In [2]:
import pandas as pd
import numpy as np
from sklearn.model_selection import train_test_split
from sklearn.preprocessing import StandardScaler, OneHotEncoder
from sklearn.compose import ColumnTransformer
from tensorflow.keras.models import Sequential
from tensorflow.keras.layers import Dense
from tensorflow.keras.optimizers import Adam
from tensorflow.keras.metrics import BinaryAccuracy

# --- 1. Load and Clean Data ---
# Load the dataset.
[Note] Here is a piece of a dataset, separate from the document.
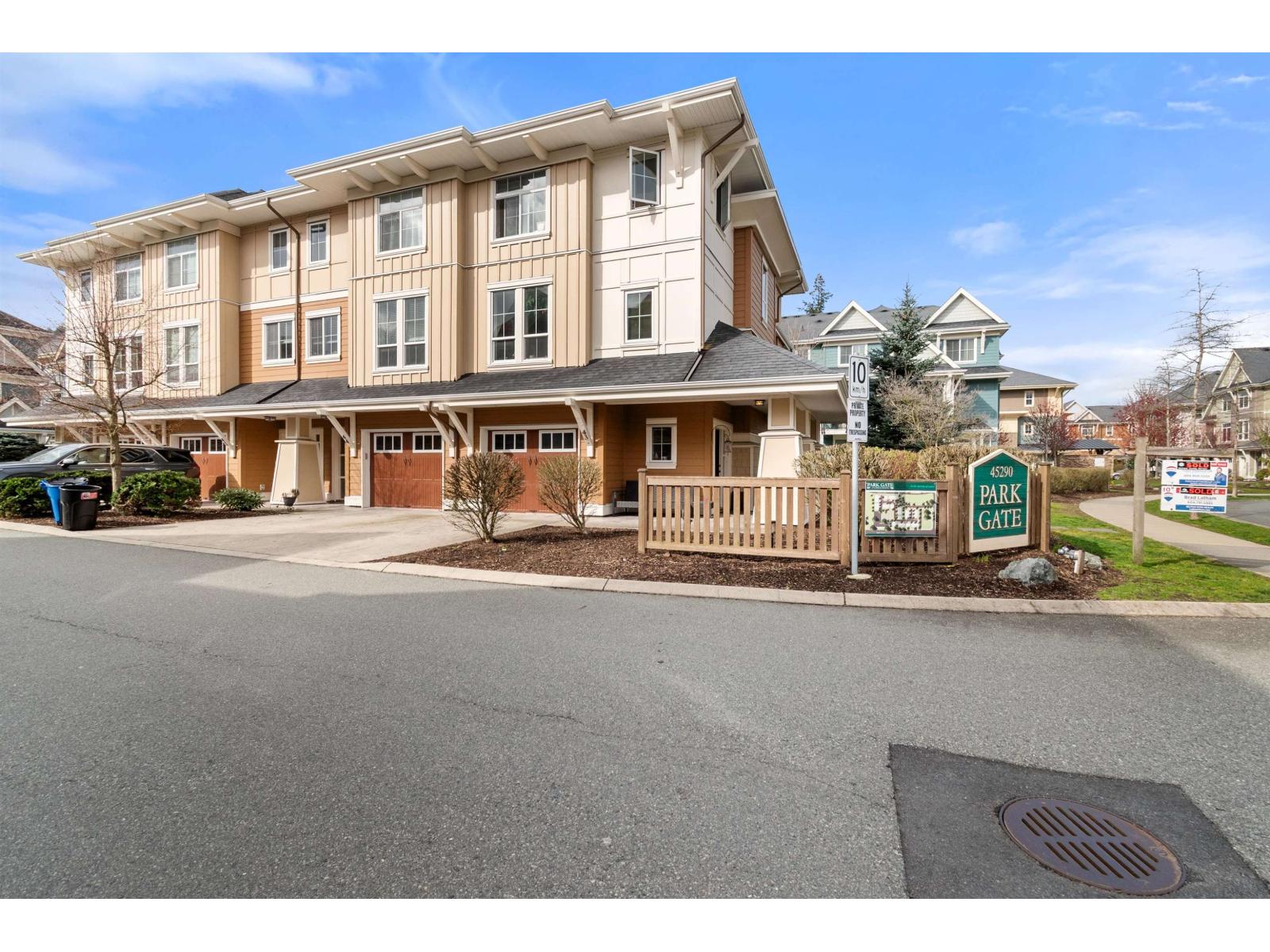 43 45290 SOOWAHLIE CRESCENT, Garrison Crossing, Chilliwack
We assume the 'AdultUCI.csv' file is in the same directory.
# The data description suggests some columns might have trailing spaces/periods.
# We will use the 'na_values' parameter to treat ' ?' (common in this dataset) as NaN,
# although the initial snippet didn't show it, it is a common issue with this dataset.
try:
    # Using the 'python' engine for potentially better handling of irregular lines
    df = pd.read_csv('AdultUCI.csv', skipinitialspace=True, na_values=['?'], engine='python')
except FileNotFoundError:
    print("Error: 'AdultUCI.csv' not found. Please ensure the file is in the correct path.")
    exit()

# The dataset snippet shows 'NA' in the income column for some rows.
# Let's check for and remove rows with missing values, as requested.
# We strip whitespace from all string columns to ensure proper cleaning and encoding.
for col in df.select_dtypes(include='object').columns:
    df[col] = df[col].str.strip()
    # Replace ' ?' values found in some columns with NaN
    df[col] = df[col].replace('?', np.nan)

# Drop all cases (rows) with empty values (NaNs)
df_cleaned = df.dropna()
print(f"Original shape: {df.shape}")
print(f"Cleaned shape after dropping NaNs: {df_cleaned.shape}")
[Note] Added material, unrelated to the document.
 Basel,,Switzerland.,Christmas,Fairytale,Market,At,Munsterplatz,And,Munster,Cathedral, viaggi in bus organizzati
# Separate features (X) and target (y)
X = df_cleaned.drop('income', axis=1)
# The target variable needs to be binary: 1 for >50K, 0 for <=50K.
# Based on the snippet 'small' seems to be <=50K and 'large' or implied >50K.
# We'll map the income column to 0 and 1. 'small' or '<=50K' to 0, and the rest ('>50K') to 1.
# The actual labels in this specific file are often '<=50K' and '>50K', but
# the snippet shows 'small'. We'll check the unique values and map them.
if '<=50K' in df_cleaned['income'].unique():
    # Use standard labels if they exist
    y = (df_cleaned['income'] == '>50K').astype(int)
else:
    # Use 'small' as a proxy for the lower income if standard labels aren't present
    # Assuming 'small' means <=50K and anything else is >50K (or 'large' which isn't explicit but implied)
    y = (df_cleaned['income'] != 'small').astype(int)

# --- 2. Encode the numeric and categorical features appropriately ---

# Identify feature types
numerical_features = X.select_dtypes(include=np.number).columns.tolist()
categorical_features = X.select_dtypes(include='object').columns.tolist()

# Define preprocessor: Standard Scaler for numeric, One-Hot Encoder for categorical
preprocessor = ColumnTransformer(
    transformers=[
        ('num', StandardScaler(), numerical_features),
        ('cat', OneHotEncoder(handle_unknown='ignore', sparse_output=False), categorical_features)
    ],
    remainder='passthrough' # Keep other columns (none in this case, but good practice)
)

# Fit and transform the data
X_processed = preprocessor.fit_transform(X)

# Determine the number of features after one-hot encoding
input_dim = X_processed.shape[1]
print(f"Number of features after encoding: {input_dim}")

# --- 3. Split the dataset as training (80%) and test data (20%) ---
X_train, X_test, y_train, y_test = train_test_split(
    X_processed, y, test_size=0.2, random_state=42, stratify=y
)
print(f"Training data size (80%): {X_train.shape[0]}")
print(f"Test data size (20%): {X_test.shape[0]}")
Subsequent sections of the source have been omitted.